Reviews

Review: Hot Gay Time Machine (Trafalgar Studios)

A festive version of the hit Edinburgh show, which riffs a little on ”A Christmas Carol”, arrives in London

 Zak Ghazi-Torbati and Toby Marlow in Hot Gay Time Machine
Zak Ghazi-Torbati and Toby Marlow in Hot Gay Time Machine
© Pamela Raith

The term 'Camp as Christmas' has seldom seemed more appropriate than when attempting to describe what is going on downstairs at Trafalgar Studios this festive season. From the moment you get in there to be assaulted by banging dance tunes and yelled greetings from exuberantly rampant co-creators and performers Zak Ghazi-Torbati and Toby Marlow, and clock the Beyoncé cutouts, shimmer curtain and flashing coloured lights, it's clear that this is going to be no conventional piece of theatre. You're definitely not in Kansas anymore. Also, if you don't like being forced into audience participation, you'd best avoid the front row. You're welcome.

Marlow and co-author/director Lucy Moss are also responsible for the wildly successful Six, and HGTM – as it's emblazoned in huge mirrored letters across the back of Anna Reid's gloriously tacky set – offers a cursorily similar combination of catchy, derivative tunes overlaid with coruscating lyrics. Whereas Six ingeniously reinvents the wives of Henry VIII as a sassy girl group, Ghazi-Torbati and Marlow's subject for this bonkers cabaret is…themselves. Lucky then that they are such an engaging pair.
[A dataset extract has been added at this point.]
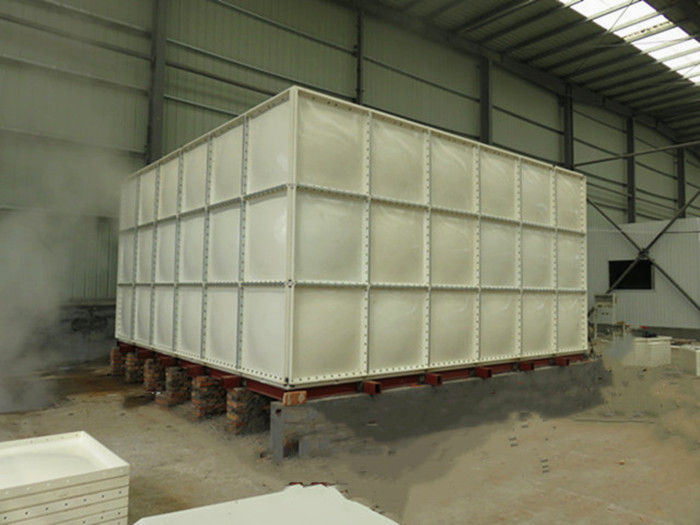 影響玻璃鋼水箱功能的要素有哪些來歷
As the 'Time Machine' zips backwards and forwards, we get tongue-in-cheek re-enactments of their coming-out scenarios, plus a toe-curling moment when Ghazi-Torbati's strait-laced dad catches him trying on women's clothes, nights out clubbing in their gay infancy, and more, all interspersed with witty, if deafening, pop songs. Having scored a hit on the Edinburgh Fringe with HGTM, the boys cheerfully admit they have done little more than shoehorn-in festive references to prepare for this Christmas season ("we're busy, we're gay, we've got brunches to go to") and one of the recurring gags of the evening is seeing just how tenuous that can get.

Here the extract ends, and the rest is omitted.